■ **Records to use**:
____

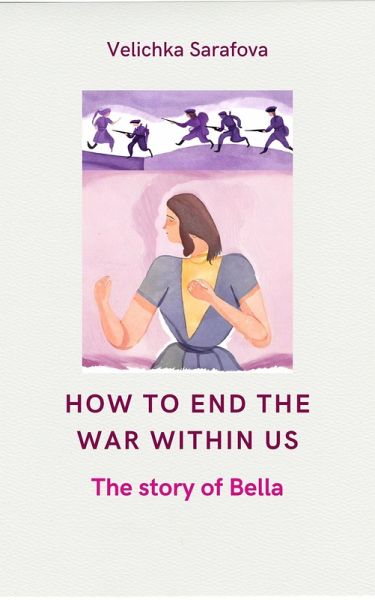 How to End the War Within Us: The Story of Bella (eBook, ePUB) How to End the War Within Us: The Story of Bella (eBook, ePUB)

____

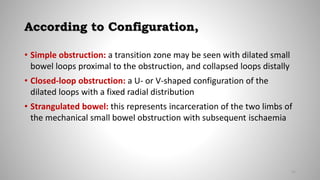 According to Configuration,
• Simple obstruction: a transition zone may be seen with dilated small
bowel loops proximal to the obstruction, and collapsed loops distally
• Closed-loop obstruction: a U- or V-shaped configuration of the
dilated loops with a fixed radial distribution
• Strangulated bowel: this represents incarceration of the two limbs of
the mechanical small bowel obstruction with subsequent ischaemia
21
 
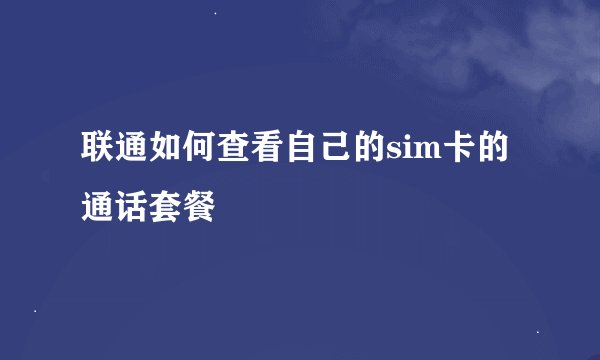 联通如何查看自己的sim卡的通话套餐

____

■ **Problem details**:
In the listing above, find the line containing "with dilated small". Output it and every line after it up to and including the line containing "联通如何查看自己的sim卡的通话套餐", exactly, but skip the pictures.

■ **Exercise answer**:
• Simple obstruction: a transition zone may be seen with dilated small
bowel loops proximal to the obstruction, and collapsed loops distally
• Closed-loop obstruction: a U- or V-shaped configuration of the
dilated loops with a fixed radial distribution
• Strangulated bowel: this represents incarceration of the two limbs of
the mechanical small bowel obstruction with subsequent ischaemia
21
 
 联通如何查看自己的sim卡的通话套餐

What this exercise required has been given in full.